Gather each line containing the string "North" from these entries.

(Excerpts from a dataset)
● ● ● ●

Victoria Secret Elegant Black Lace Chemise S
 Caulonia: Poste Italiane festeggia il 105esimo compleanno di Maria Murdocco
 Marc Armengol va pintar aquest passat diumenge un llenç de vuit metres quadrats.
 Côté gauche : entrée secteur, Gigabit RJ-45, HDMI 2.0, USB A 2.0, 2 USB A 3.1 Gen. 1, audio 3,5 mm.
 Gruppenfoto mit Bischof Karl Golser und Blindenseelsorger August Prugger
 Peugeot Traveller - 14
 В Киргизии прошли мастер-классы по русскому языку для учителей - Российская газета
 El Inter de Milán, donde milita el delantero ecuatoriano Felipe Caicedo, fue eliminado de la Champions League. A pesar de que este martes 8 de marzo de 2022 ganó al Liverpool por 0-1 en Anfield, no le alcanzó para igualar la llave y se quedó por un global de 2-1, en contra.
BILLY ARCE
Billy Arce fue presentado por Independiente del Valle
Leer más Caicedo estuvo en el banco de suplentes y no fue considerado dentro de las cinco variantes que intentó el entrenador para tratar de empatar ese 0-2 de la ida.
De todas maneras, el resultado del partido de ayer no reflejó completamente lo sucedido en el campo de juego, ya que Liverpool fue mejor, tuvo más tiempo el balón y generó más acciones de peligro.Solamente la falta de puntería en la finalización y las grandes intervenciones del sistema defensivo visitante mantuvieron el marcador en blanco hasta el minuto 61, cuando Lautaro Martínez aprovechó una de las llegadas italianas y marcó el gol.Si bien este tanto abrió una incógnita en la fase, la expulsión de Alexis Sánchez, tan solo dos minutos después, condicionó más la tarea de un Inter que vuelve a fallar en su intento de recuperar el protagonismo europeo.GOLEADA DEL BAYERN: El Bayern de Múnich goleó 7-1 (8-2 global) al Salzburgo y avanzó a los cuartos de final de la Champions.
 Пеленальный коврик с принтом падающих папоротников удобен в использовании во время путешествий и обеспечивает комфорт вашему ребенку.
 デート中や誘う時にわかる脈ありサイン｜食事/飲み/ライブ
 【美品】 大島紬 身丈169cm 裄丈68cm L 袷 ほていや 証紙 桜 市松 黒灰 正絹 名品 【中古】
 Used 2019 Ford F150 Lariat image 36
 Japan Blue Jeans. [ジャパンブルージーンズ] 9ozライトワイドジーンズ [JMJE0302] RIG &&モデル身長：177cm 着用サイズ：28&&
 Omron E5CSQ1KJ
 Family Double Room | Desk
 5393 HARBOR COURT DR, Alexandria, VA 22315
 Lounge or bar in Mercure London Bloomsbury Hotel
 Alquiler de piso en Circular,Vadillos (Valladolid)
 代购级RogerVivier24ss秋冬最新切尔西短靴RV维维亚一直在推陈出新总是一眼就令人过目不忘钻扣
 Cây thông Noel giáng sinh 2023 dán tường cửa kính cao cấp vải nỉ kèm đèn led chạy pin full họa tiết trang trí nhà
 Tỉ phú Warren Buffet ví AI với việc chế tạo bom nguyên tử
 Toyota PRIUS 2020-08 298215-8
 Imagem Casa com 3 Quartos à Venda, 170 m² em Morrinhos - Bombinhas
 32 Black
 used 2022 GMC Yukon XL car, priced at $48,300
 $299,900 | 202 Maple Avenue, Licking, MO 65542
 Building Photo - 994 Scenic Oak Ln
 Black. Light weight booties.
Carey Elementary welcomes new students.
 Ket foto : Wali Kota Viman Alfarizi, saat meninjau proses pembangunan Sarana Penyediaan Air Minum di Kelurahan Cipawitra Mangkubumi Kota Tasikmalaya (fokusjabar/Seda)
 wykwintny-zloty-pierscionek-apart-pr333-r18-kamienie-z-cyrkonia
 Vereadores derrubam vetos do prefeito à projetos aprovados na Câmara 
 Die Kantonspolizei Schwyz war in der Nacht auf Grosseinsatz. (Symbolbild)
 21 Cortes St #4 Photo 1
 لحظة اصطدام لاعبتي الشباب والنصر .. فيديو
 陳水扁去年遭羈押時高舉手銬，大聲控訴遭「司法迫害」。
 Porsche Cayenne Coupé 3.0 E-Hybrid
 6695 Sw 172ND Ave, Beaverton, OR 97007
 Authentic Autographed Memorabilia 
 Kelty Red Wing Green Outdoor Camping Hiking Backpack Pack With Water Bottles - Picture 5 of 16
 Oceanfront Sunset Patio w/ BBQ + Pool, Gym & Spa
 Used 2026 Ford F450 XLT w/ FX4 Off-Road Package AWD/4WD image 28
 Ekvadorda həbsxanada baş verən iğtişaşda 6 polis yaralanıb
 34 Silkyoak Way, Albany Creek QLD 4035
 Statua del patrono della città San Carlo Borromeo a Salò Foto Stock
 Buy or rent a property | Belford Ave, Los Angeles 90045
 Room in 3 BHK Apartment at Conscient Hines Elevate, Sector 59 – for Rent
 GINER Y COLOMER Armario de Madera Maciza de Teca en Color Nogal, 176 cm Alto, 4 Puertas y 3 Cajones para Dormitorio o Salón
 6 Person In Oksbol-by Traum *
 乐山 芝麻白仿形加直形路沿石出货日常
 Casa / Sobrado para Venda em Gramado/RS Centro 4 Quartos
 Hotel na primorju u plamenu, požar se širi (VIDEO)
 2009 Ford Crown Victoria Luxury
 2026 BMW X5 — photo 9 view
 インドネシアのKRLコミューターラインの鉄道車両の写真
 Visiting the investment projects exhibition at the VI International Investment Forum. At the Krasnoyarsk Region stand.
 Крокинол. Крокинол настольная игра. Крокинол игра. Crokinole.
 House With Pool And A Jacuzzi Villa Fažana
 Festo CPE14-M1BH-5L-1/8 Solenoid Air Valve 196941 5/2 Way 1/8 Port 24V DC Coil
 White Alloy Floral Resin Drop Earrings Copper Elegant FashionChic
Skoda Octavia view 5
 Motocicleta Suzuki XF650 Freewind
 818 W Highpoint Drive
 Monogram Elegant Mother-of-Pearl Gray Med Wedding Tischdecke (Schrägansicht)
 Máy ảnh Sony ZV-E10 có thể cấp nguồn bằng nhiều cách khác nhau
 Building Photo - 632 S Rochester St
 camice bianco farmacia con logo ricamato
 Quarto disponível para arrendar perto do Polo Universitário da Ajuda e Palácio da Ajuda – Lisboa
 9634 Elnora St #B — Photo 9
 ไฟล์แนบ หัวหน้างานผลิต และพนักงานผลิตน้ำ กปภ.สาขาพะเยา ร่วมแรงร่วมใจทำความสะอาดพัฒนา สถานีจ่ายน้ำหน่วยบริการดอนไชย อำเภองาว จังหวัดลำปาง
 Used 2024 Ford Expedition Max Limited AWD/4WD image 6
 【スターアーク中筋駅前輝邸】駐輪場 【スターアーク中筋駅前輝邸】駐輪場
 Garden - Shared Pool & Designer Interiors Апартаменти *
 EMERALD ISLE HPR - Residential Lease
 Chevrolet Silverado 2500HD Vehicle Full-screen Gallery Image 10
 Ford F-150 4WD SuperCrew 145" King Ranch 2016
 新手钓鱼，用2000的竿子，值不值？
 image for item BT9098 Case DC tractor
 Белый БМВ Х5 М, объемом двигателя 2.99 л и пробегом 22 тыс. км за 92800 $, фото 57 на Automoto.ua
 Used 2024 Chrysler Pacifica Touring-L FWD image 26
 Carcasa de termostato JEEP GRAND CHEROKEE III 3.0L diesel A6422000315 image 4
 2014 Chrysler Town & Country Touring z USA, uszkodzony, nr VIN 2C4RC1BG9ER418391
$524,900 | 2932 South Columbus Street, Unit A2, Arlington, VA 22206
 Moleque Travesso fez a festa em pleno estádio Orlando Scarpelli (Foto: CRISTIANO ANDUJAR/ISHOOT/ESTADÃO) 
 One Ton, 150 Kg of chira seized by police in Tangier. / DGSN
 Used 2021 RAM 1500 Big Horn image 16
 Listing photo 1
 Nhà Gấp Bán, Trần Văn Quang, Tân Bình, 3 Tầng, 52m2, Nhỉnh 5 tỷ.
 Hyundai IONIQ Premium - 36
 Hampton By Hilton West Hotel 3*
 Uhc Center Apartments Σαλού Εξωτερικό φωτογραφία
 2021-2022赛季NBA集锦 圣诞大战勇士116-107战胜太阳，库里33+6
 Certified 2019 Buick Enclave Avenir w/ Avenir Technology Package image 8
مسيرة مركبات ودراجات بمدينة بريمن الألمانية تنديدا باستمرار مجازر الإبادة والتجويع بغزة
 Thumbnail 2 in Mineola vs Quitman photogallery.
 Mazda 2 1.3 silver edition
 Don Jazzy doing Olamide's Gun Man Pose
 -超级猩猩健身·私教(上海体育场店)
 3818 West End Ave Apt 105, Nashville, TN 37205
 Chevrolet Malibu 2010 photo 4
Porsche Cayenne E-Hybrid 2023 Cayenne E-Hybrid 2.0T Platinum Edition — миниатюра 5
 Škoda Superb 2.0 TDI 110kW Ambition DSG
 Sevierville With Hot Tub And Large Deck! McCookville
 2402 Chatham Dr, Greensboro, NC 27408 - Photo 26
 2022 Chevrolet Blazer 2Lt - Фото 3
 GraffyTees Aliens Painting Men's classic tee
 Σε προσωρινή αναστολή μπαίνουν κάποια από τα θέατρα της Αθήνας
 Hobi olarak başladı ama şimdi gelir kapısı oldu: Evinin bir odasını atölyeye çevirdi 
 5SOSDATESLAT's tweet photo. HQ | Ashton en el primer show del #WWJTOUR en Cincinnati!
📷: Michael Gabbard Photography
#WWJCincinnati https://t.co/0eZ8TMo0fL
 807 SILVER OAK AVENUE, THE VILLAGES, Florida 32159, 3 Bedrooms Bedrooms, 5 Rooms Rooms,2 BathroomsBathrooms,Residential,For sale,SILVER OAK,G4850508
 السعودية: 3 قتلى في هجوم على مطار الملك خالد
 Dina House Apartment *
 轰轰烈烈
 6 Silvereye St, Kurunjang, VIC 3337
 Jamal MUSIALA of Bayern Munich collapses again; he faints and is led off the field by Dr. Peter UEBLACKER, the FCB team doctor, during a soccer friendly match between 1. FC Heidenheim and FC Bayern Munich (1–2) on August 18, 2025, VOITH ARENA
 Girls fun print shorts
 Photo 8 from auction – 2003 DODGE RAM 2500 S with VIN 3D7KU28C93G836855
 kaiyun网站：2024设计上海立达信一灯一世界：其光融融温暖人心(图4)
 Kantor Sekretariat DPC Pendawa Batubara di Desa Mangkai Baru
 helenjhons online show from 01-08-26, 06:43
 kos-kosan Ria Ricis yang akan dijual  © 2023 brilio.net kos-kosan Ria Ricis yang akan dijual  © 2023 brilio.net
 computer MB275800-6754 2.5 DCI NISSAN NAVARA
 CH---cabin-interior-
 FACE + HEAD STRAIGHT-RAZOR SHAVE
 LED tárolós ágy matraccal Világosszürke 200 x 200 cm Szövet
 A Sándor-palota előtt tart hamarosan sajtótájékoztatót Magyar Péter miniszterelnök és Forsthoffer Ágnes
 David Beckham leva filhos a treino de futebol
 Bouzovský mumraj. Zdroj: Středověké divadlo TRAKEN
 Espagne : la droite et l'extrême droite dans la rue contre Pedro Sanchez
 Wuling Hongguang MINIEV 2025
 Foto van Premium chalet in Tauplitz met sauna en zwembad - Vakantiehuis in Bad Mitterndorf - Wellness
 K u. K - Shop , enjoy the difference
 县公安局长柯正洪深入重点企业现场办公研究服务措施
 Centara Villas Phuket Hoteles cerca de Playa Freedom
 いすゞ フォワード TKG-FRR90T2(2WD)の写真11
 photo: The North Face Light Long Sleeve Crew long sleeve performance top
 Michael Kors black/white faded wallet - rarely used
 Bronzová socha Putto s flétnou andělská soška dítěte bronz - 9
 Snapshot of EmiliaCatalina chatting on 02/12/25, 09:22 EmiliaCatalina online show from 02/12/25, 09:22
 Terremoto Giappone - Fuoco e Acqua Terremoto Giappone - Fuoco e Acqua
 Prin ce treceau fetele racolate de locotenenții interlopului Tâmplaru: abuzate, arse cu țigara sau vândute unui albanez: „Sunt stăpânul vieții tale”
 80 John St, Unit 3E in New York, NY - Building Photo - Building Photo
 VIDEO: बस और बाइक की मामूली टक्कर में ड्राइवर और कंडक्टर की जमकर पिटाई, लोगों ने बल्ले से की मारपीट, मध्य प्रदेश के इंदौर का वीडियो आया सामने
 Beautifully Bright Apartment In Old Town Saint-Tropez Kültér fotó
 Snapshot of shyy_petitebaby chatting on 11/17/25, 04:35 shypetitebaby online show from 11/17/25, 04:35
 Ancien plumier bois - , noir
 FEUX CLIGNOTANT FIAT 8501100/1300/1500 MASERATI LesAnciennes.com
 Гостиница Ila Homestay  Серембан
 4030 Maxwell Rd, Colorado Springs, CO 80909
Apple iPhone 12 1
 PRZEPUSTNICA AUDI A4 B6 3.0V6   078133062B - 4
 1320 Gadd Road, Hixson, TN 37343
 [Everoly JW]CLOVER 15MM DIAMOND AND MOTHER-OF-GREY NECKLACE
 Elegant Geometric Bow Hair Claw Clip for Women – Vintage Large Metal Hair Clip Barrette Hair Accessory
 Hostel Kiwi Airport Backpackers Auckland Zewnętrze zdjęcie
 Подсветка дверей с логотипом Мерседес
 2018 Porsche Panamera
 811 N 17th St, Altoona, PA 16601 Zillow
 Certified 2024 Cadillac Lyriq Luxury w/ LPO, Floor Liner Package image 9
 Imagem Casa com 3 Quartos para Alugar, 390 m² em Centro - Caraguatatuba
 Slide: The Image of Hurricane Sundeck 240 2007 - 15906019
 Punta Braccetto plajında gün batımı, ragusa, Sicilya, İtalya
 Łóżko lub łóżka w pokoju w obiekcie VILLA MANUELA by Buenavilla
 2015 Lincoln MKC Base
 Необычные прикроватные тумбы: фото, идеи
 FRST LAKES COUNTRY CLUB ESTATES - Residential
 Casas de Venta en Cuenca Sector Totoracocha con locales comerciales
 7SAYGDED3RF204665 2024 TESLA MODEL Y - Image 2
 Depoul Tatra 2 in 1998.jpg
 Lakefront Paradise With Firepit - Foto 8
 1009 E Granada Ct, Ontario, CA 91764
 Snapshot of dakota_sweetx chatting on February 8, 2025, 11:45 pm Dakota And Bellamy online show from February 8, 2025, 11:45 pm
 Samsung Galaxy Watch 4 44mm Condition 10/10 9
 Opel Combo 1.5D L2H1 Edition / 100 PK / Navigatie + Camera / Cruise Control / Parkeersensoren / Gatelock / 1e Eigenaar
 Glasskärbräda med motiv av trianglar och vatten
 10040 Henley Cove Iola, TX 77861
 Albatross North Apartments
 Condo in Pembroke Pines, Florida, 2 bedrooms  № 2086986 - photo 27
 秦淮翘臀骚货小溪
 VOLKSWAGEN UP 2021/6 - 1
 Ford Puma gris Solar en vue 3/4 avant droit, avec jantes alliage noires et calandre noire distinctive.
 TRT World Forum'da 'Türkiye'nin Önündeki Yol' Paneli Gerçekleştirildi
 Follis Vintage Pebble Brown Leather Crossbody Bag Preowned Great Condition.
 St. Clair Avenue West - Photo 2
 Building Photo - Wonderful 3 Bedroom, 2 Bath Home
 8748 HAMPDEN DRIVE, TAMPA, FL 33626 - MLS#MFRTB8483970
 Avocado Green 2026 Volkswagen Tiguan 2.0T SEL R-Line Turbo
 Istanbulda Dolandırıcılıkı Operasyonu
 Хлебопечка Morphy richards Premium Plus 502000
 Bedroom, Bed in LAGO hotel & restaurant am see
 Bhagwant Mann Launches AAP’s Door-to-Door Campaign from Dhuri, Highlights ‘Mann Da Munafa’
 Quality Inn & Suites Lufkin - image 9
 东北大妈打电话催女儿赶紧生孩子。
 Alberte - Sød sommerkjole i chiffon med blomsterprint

● ● ● ●

• Output for this exercise
 photo: The North Face Light Long Sleeve Crew long sleeve performance top
 Albatross North Apartments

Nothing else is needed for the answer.